Under Recep Tayyip Erdogan’s presidency, Turkish journalists have increasingly been badgered, intimidated, threatened, and punished. Now, however, the Turkish government is going after two foreign journalists.
Britons Jake Hanrahan and Philip Pendlebury, working for Vice News, were originally detained in southeast Turkey, along with a translator and a driver, for not having proper identification. But now they’re being accused of “engaging in terror activity” and having connections to ISIS.
It’s not difficult to see why the Turkish government might not want journalists in the area. Kurdish fighters, some backed by the U.S., have been battling ISIS in Iraq for months. While Turkey opposes ISIS, it’s also terrified of emboldened Kurds pushing for an autonomous state in the region.

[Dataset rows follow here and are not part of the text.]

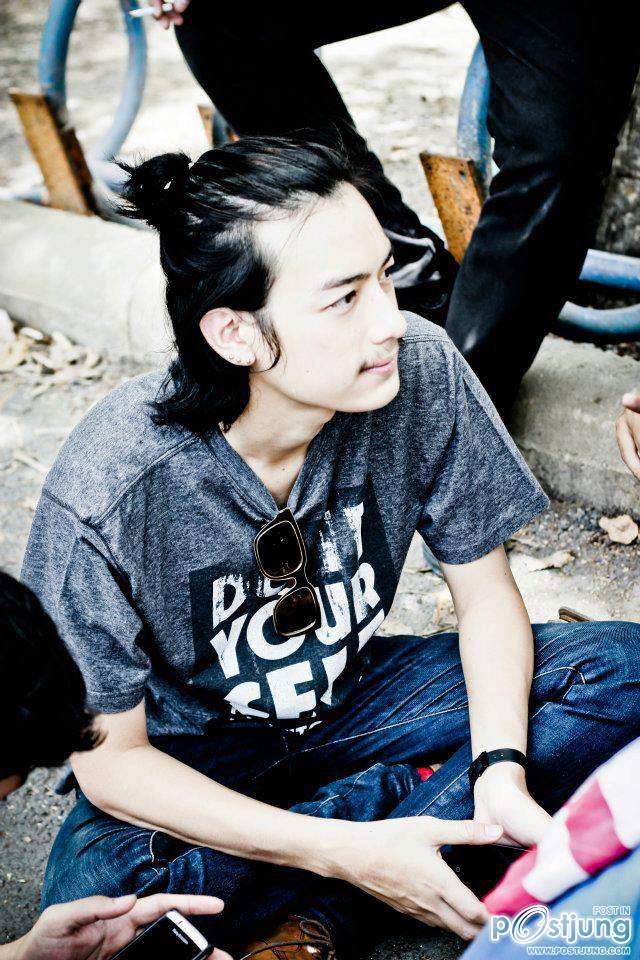 {{ Piz }} : บอม ธนา หนุ่มมาดเซอร์ น่ารักที่สุดในระบบสุริยะจักรวาล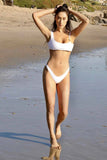 White Nasiba Top Demery Jayne
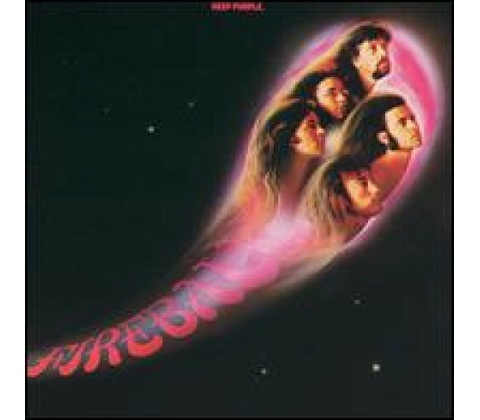 Deep Purple Fireball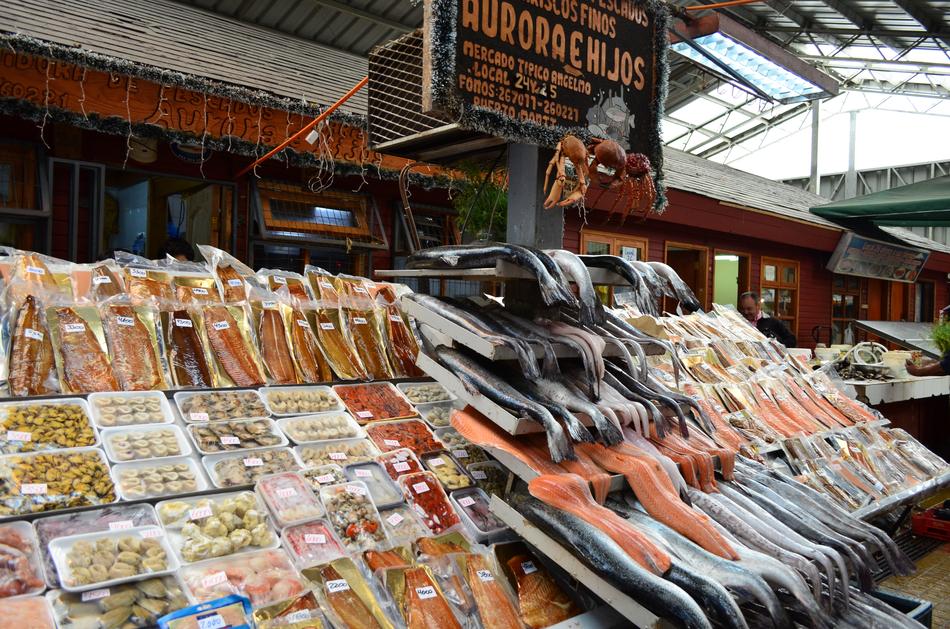 Fish Market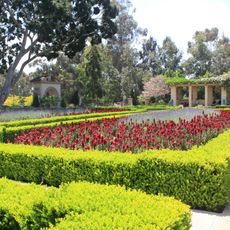 Alcazar Garden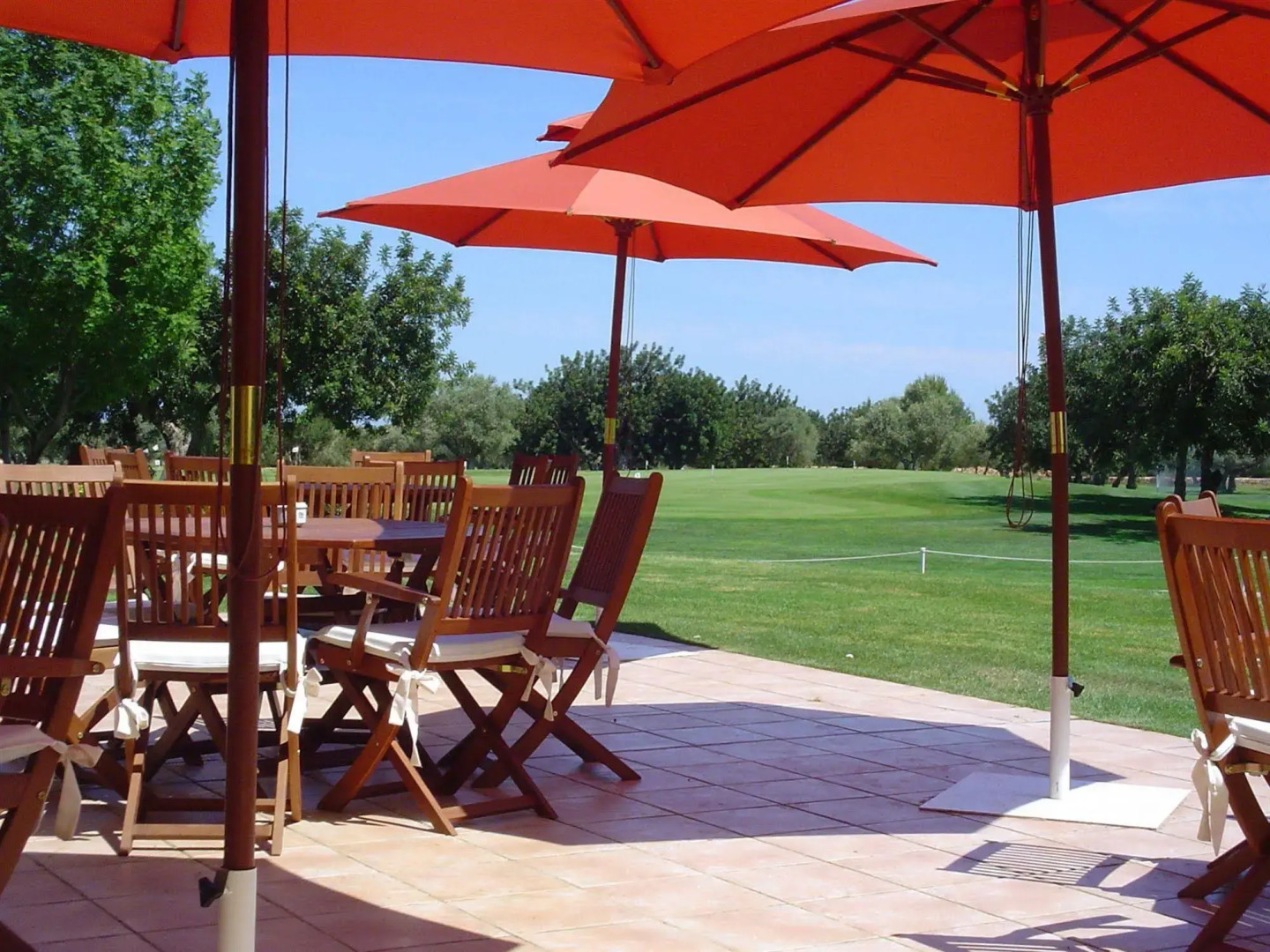 Villages Golf Panoramica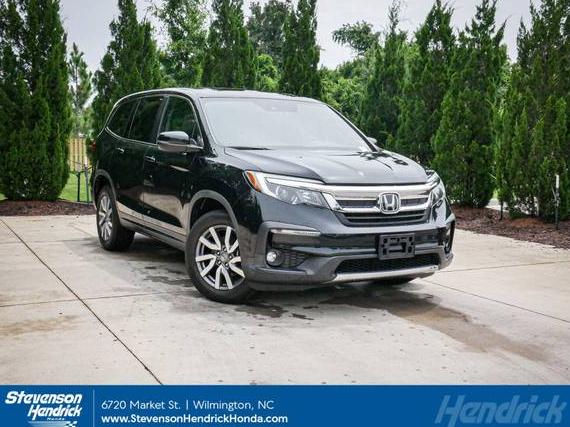 HONDA PILOT 2019 5FNYF6H59KB009207 image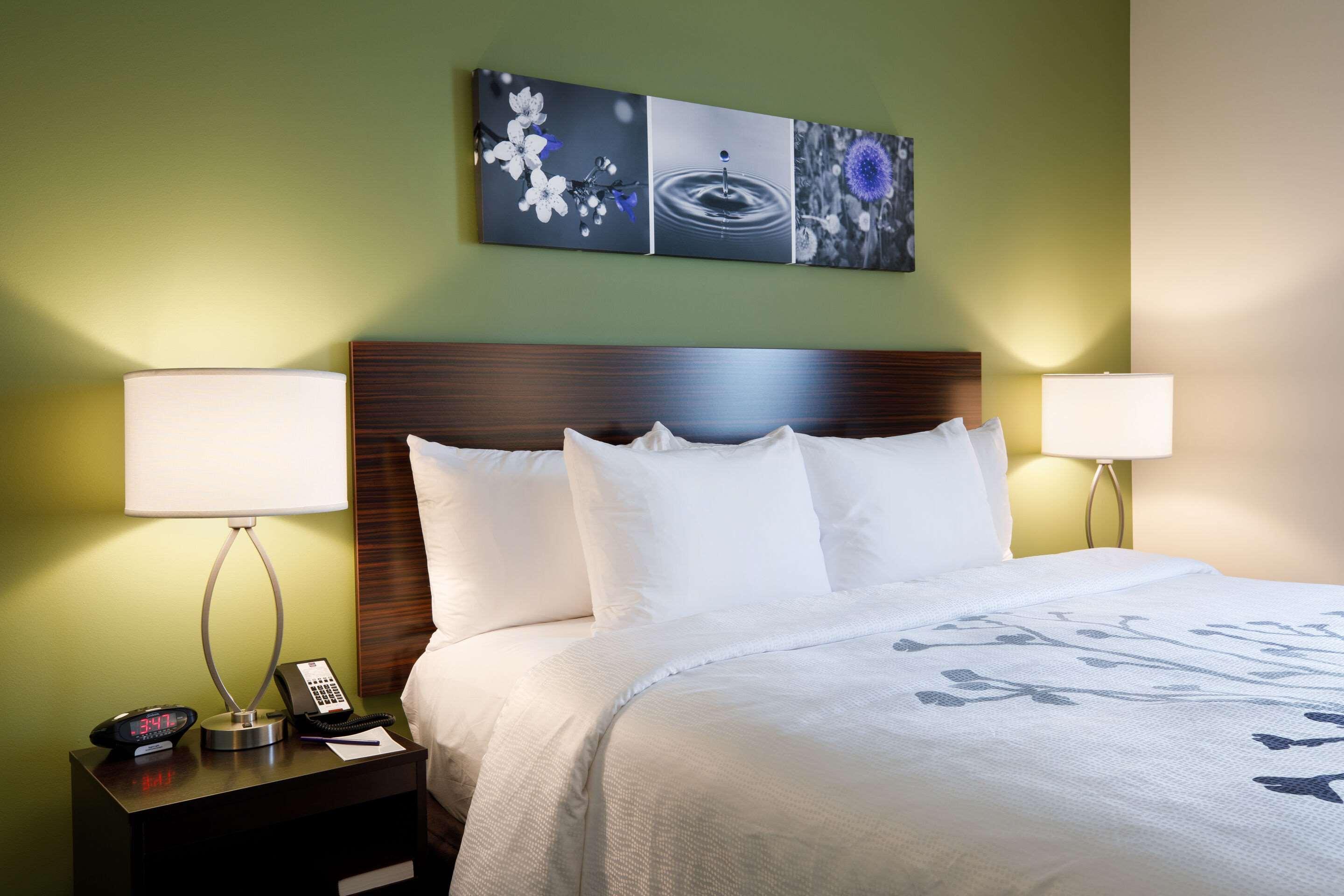Sleep Inn & Suites Park City-Wichita North Eksteriør billede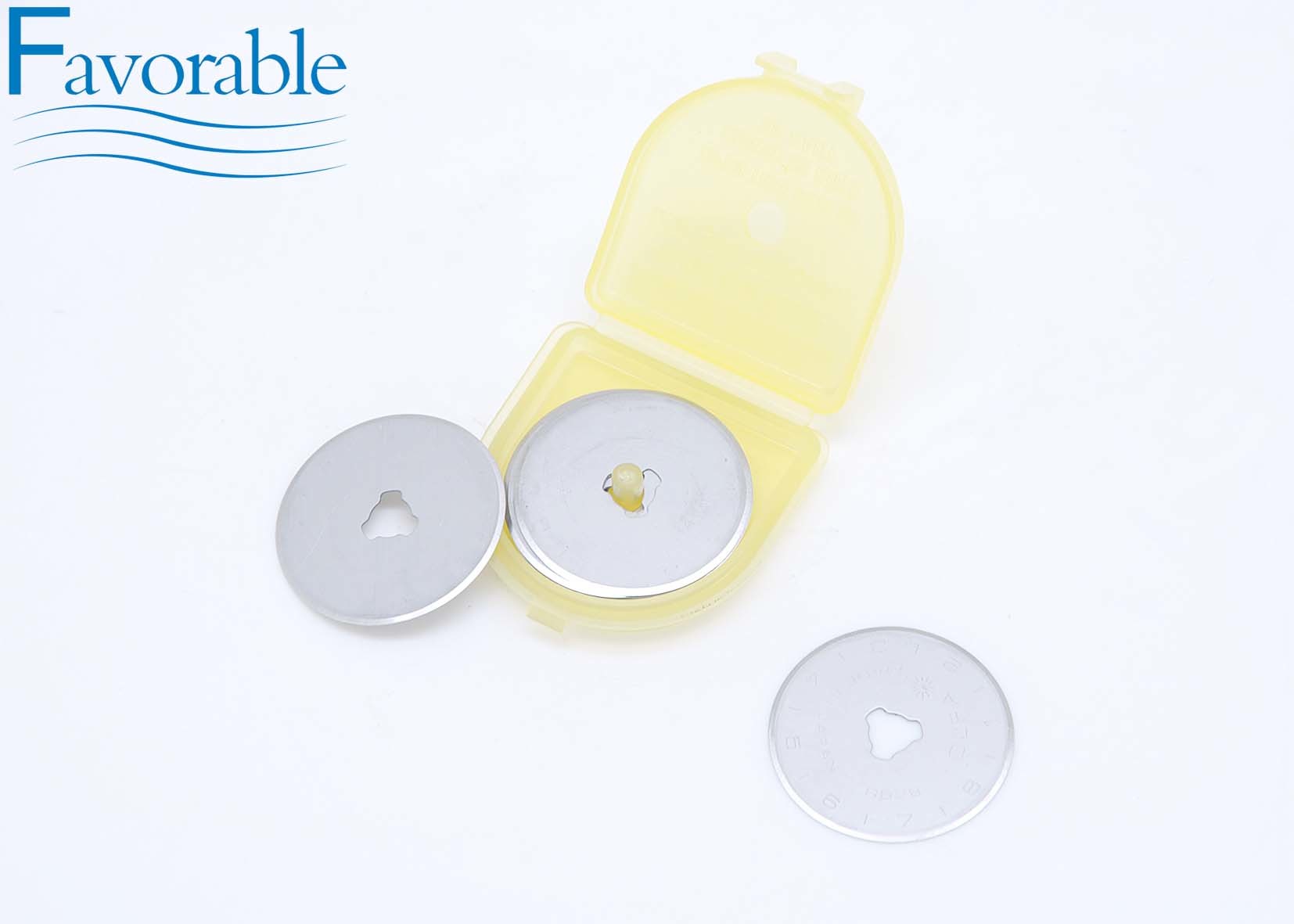 Auto Cutter Parts DCS1500 DCS2500 DCS3500 DCS3600 Cutter Blades For Taurus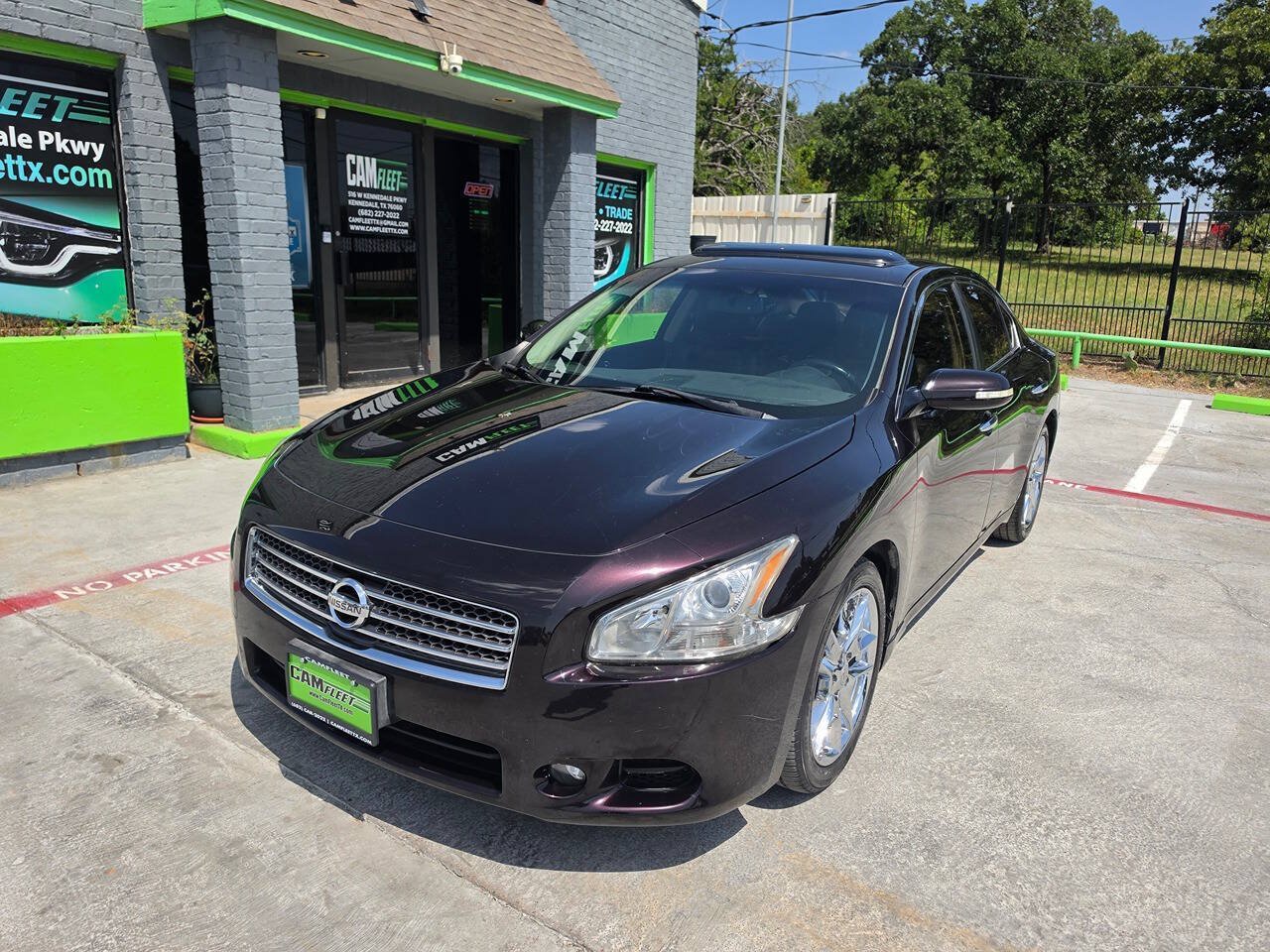 Used 2010 Nissan Maxima 3.5 SV FWD image 3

For decades, Ankara has fought a protracted war against Kurdish guerrilla groups in southeastern Turkey. After long trying to avoid being drawn into the conflict against ISIS, Turkey, a U.S. ally, has begun to take action, but it’s fighting against both ISIS and the Kurds, a strange case where, for the Turkish government, the enemy of my enemy might still be my enemy.
And now it seems like the Vice reporters have been caught in the center of it. So far, there appears to be no hard evidence on offer connecting them to ISIS. They have denied any connection, and Vice released a statement labeling the accusations as “baseless and alarmingly false charges.” Based on what’s known right now, the Turkish arrest seem foolish and paranoid at best, and like a dangerous intrusion on journalism at worst.